US 12,118,075 B2
Methods and apparatus to improve detection of malware in executable code
Brajesh Kumar, Bangalore (IN); Sumit Lohani, Bangalore (IN); and Sidney Gomindes, Bangalore (IN)
Assigned to McAfee, LLC, San Jose, CA (US)
Filed by McAfee, LLC, Santa Clara, CA (US)
Filed on Jul. 28, 2020, as Appl. No. 16/941,111.
Claims priority of application No. 202011022393 (IN), filed on May 28, 2020.
Prior Publication US 2021/0374229 A1, Dec. 2, 2021
Int. Cl. G06F 21/51 (2013.01); G06F 21/54 (2013.01); G06F 21/56 (2013.01); G06N 20/00 (2019.01)

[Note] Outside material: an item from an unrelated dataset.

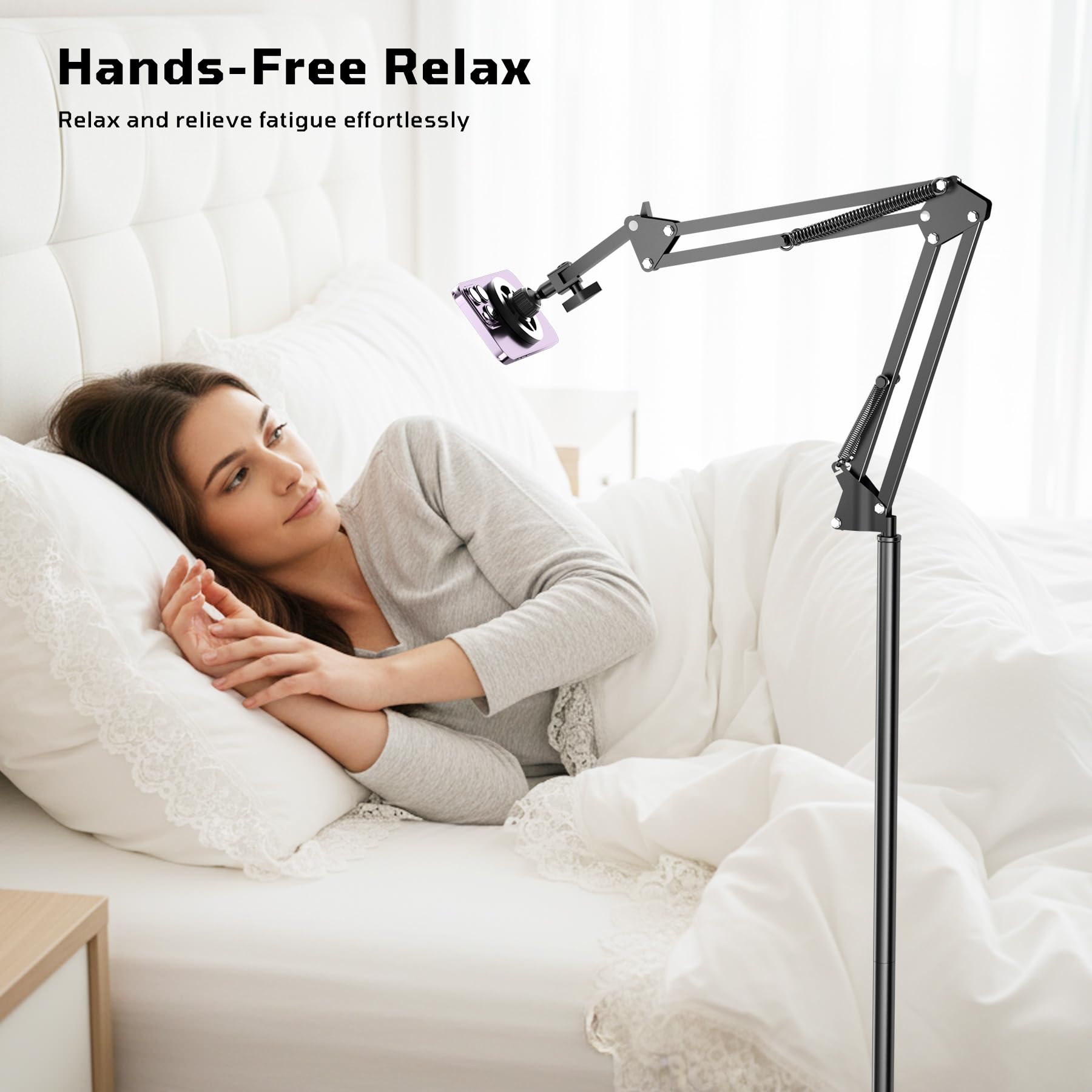Kefotic Floor Magnetic Phone Holder for Bed Laying Down, Adjustable Bedside Phone Stand for iPhone Magsafe, Headboard Cell Phone Mount for Reading: Black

CPC G06F 21/51 (2013.01) [G06F 21/54 (2013.01); G06F 21/563 (2013.01); G06F 21/568 (2013.01); G06N 20/00 (2019.01)] 11 Claims
OG exemplary drawing
 
1. An apparatus comprising:
a communication processor to access a log file, the log file including a memory dump of first functions corresponding to a first portable executable file that failed to execute in a sandbox environment;
a log file filtration controller to exclude at least one known clean function from the first functions of the log file to generate a filtered log file;
a log file normalization controller to generate normalized arguments of second functions of the filtered log file, the log file normalization controller to:
identify a first argument of a first function of the second functions of the filtered log file;
determine a data type of the first argument of the first function;
identify a placeholder representative of the data type of the first argument; and
replace the first argument of the first function with the placeholder representative of the data type of the first argument to generate a first normalized argument of the normalized arguments;
a feature vector generation controller to:
generate an empty version of a feature vector; and
after generating the empty version of the feature vector, populate the feature vector with n-gram groupings of the second functions having the normalized arguments; and
a machine learning engine to train, using stochastic gradient descent, a machine learning model with the feature vector, the machine learning model to be deployed to an end-user device to detect malware in a second portable executable file.